After some trial and error I found a way of ending Stream.iterate
(if standard input ends in my case). But to me it seems to be more of an evil hack than a best practice solution.
Before (not ending if standard input ends because Stream.iterate
is running infinitely):
val initialDocument = Document()
val in: Stream[Document] = Stream.iterate(Stream[Document]()) { documents =>
val lastDocument: Document = documents.lastOption.getOrElse(initialDocument)
val line: String = io.StdIn.readLine
if(line != null) {
line
.split(";")
.map(_.trim)
.scanLeft(lastDocument)((document: Document, line: String) => document.processInput(line))
.drop(1) // drop the seed
.toStream
} else {
Stream.empty
}
}.flatten
for(document <- in) {
// do something with the document snapshot
}
After (now working as expected):
val initialDocument = Document()
val in: Stream[Document] = Stream.iterate(Stream[Option[Document]]()) { documents =>
val lastDocument: Option[Document] = Some(documents.lastOption.flatten.getOrElse(initialDocument))
val line: String = io.StdIn.readLine
if(line != null) {
line
.split(";")
.map(_.trim)
.scanLeft(lastDocument)((document: Option[Document], line: String) => document.map(_.processInput(line)))
.drop(1) // drop the seed
.toStream
} else {
Stream(None) // "None" is used by "takeWhile" to see we have no more input
}
}.flatten.takeWhile(_.isDefined).map(_.get)
for(document <- in) {
// do something with the document snapshot
}
As you can see there are several new Option
type values introduced. Their sole purpose is telling takeWhile
if the end is reached.
How could I write this functionality in a more elegant form?

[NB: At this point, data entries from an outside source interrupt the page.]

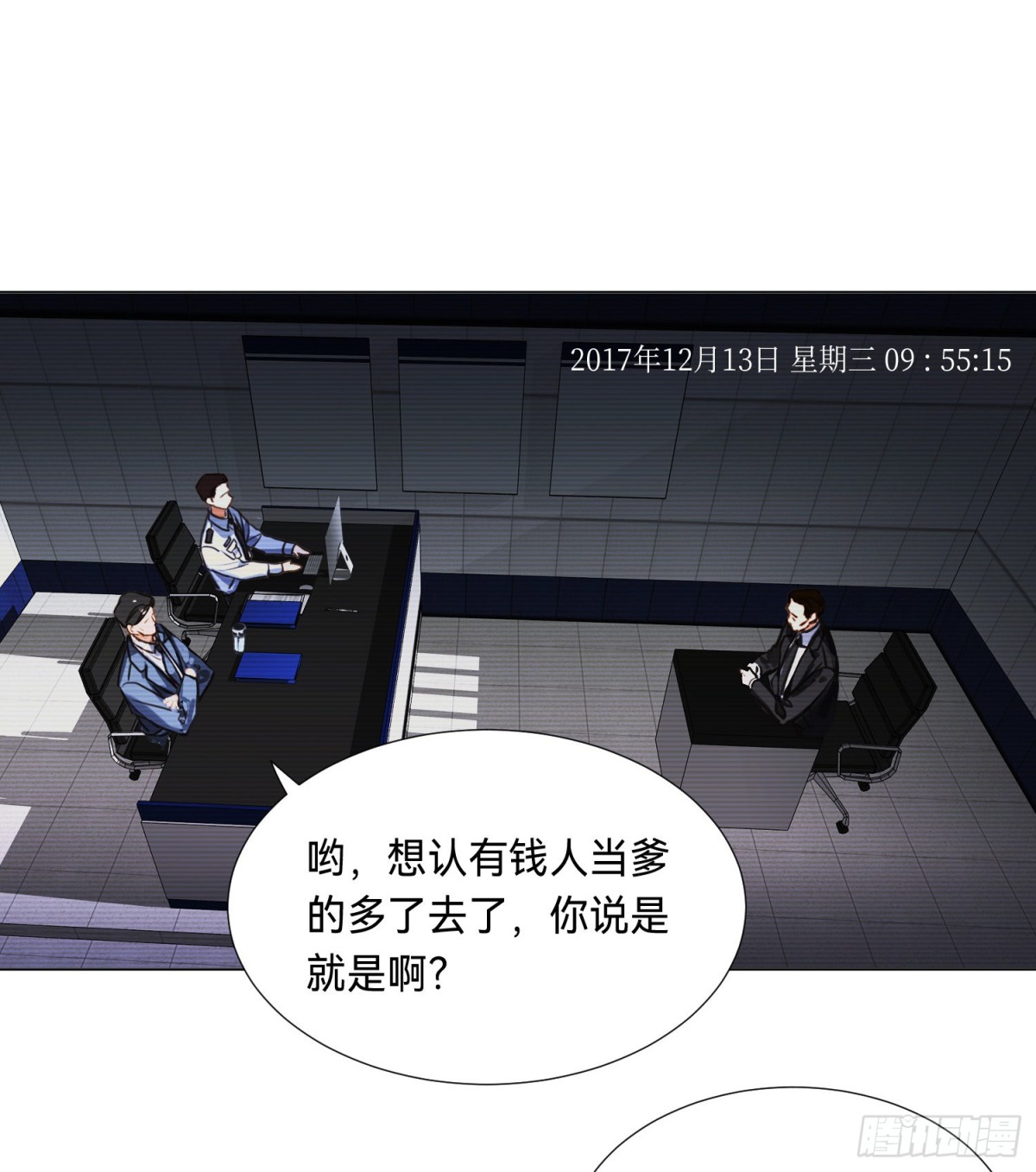 《代号狂信》五子夺算·后编09 第35页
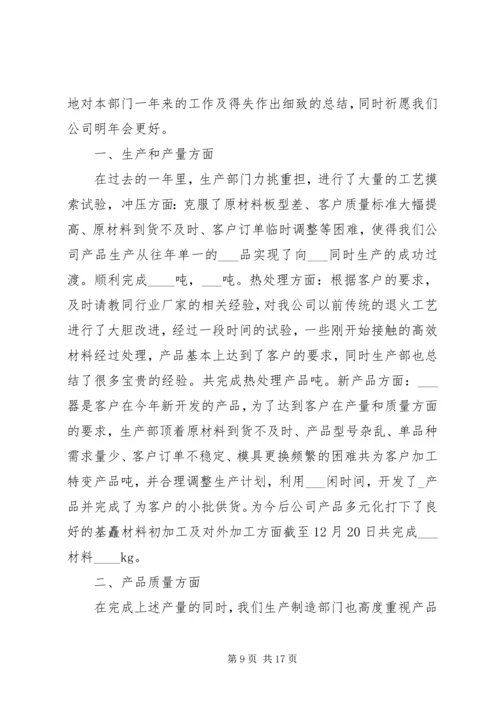 乡镇干部某年个人工作总结多篇.docx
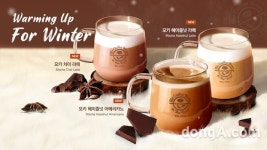 커피빈코리아, 모카 음료 6종 내놔… 계절 한정판매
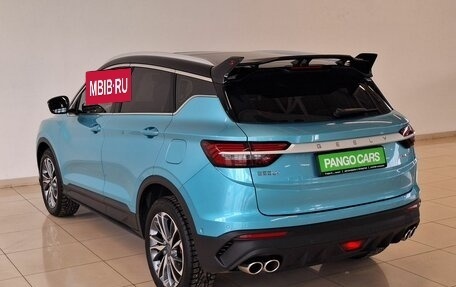 Geely Coolray I, 2023 год, 1 790 000 рублей, 6 фотография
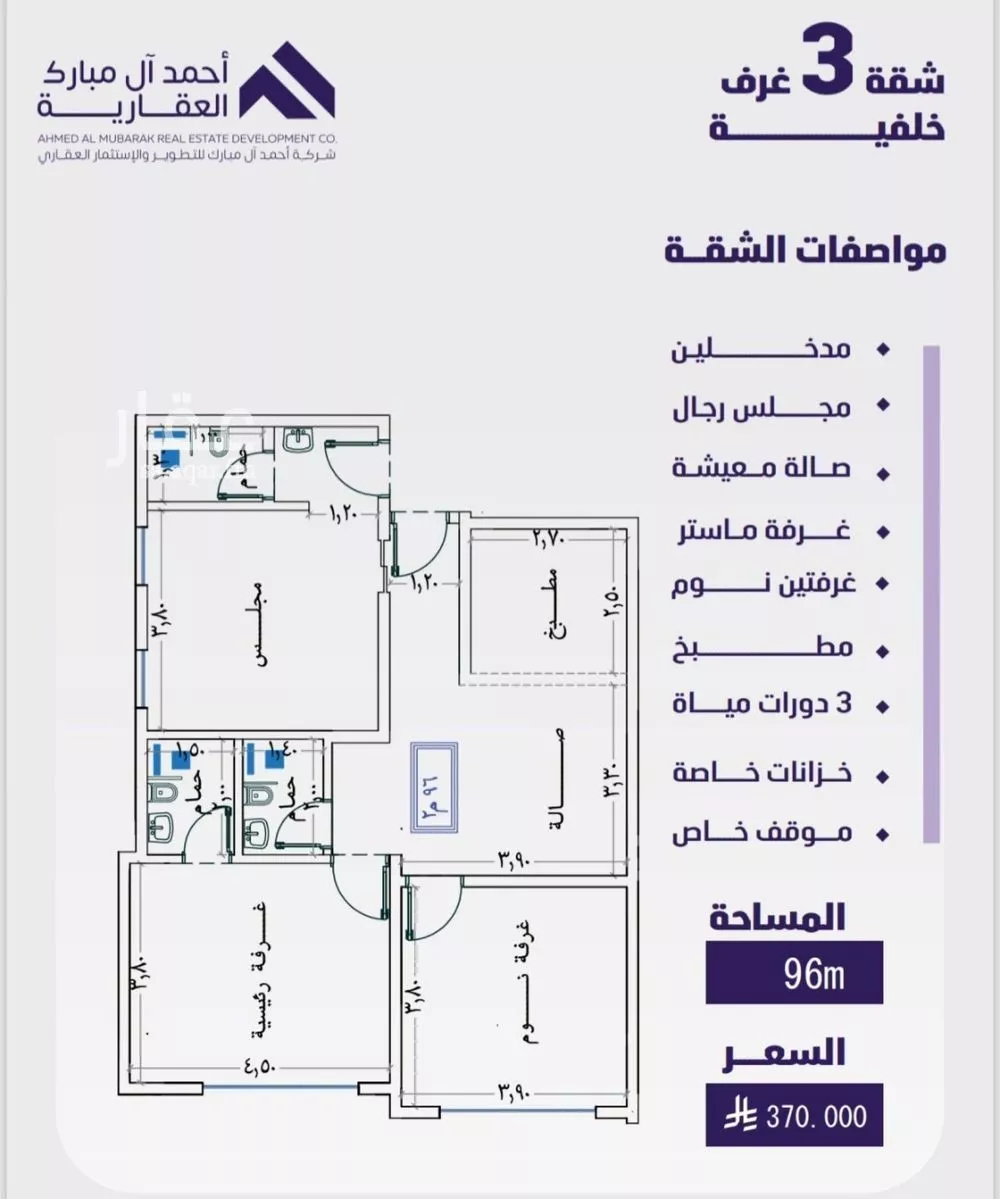 شقة 3 غرف في الفيصلية 5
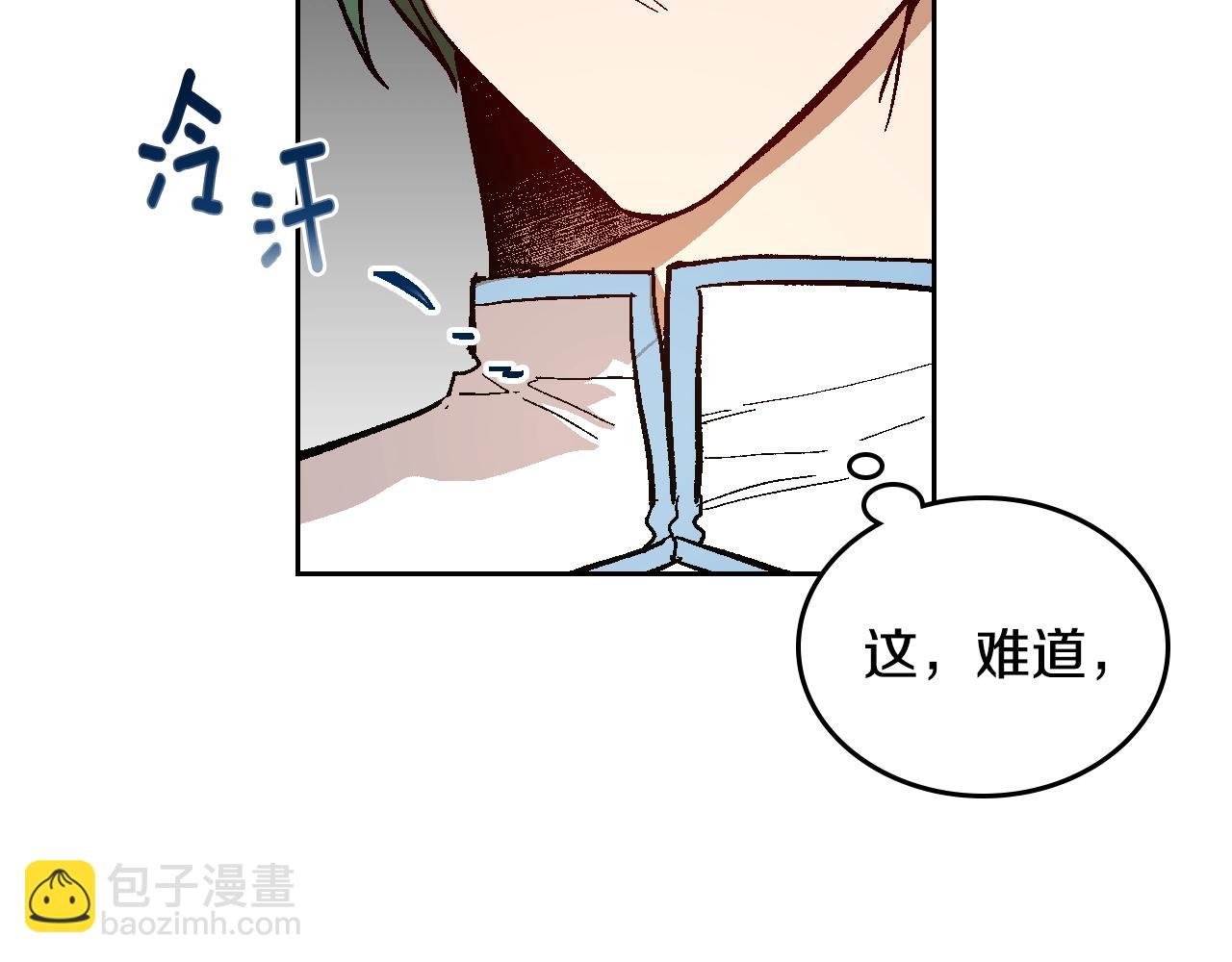 公爵的契約未婚妻 - 第74話 我們在哪見過嗎？(1/3) - 2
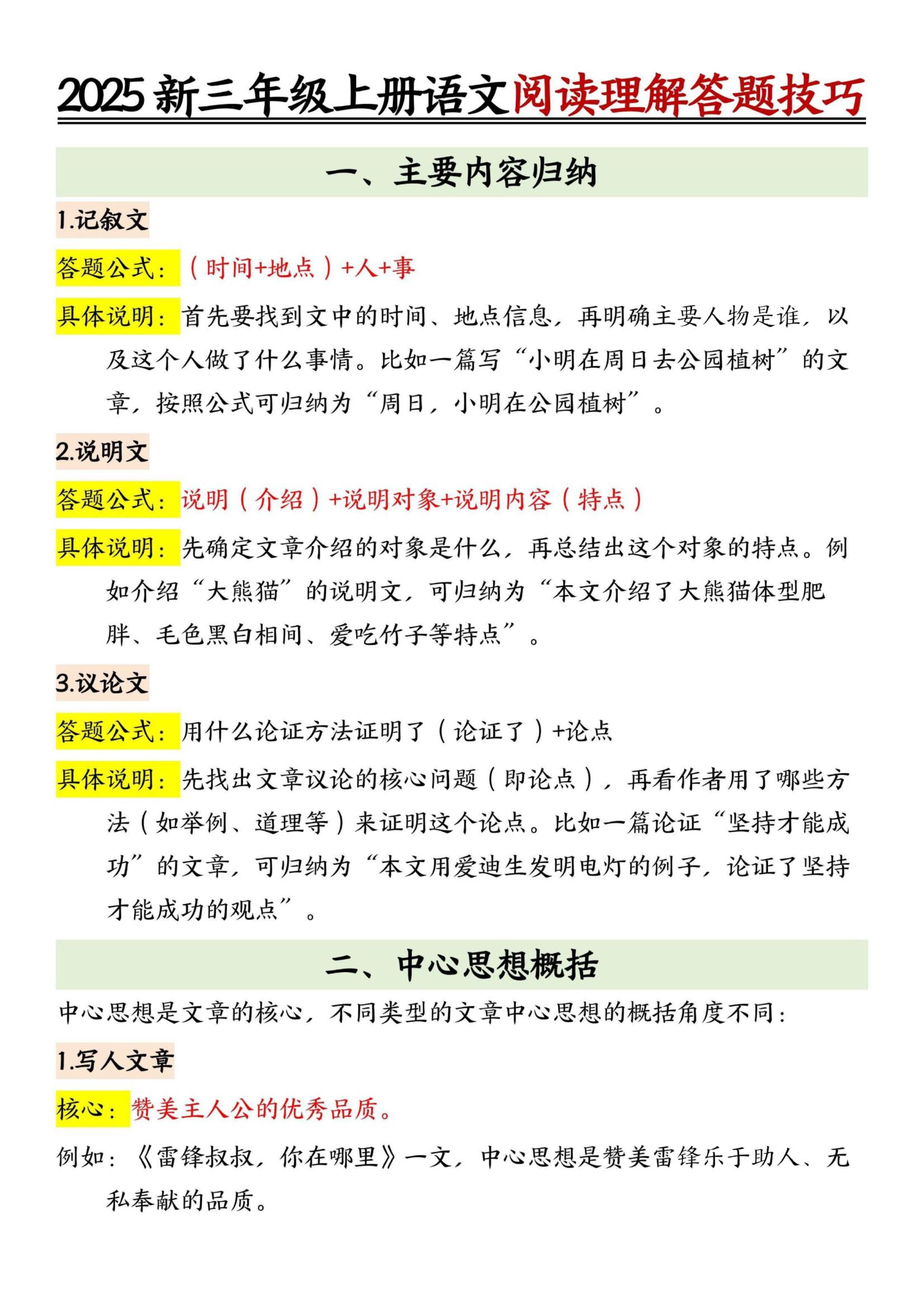 25新三上语文阅读理解答题技巧（7页）记叙文-百乐阁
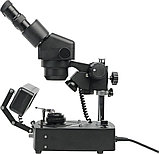 Микроскоп Микромед MC-2-ZOOM Jeweler BE 31455, фото 2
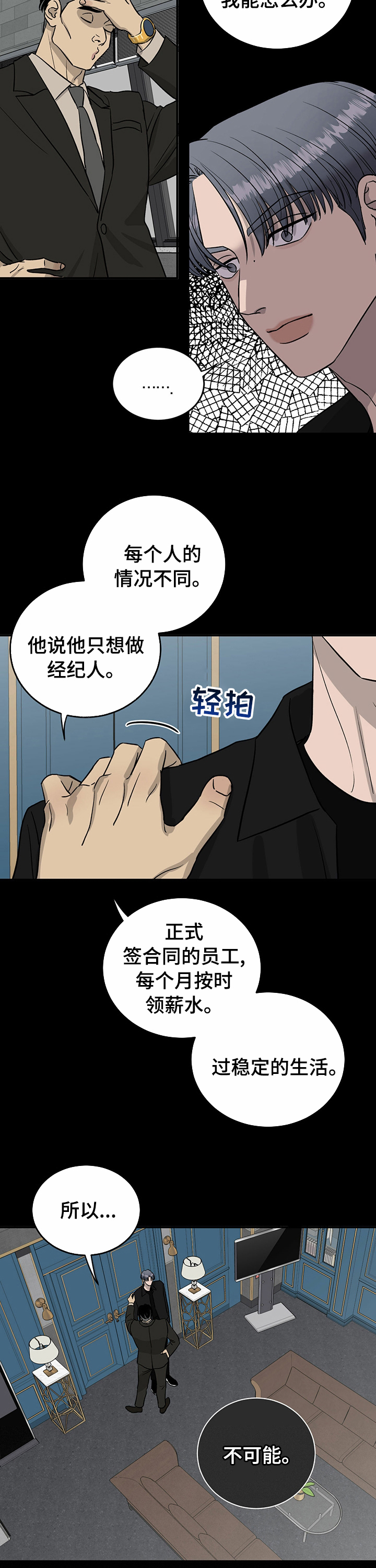 第58话2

If I understand what you are doing correctly, this will solve your problem in a simpler way:
val in = Iterator
.continually(io.StdIn.readLine()) // Read all lines from StdIn infinitely
.takeWhile(_ != null) // Stop on EOI
.flatMap(_.split(';')) // Iterator of sublines
.map(_.trim) // Iterator of trimmed sublines
.scanLeft(Document())(_ processInput _) // Iterator of a Document snapshot per subline
.drop(1) // Drop the empty Document
for (document -> in) {
// do something with the document snapshot
}
Basically, first create a lazy Iterator
of trimmed line parts from the whole input, and then make document snapshots based on this iterator.
It's best to avoid using Stream
, unless you really need its memoization feature. Stream
is slow, and the memoization makes it easy to cause memory leaks. Iterator
has all the same nice methods to create finite or infinite lazy sequences, and should be the preferred collection for that purpose.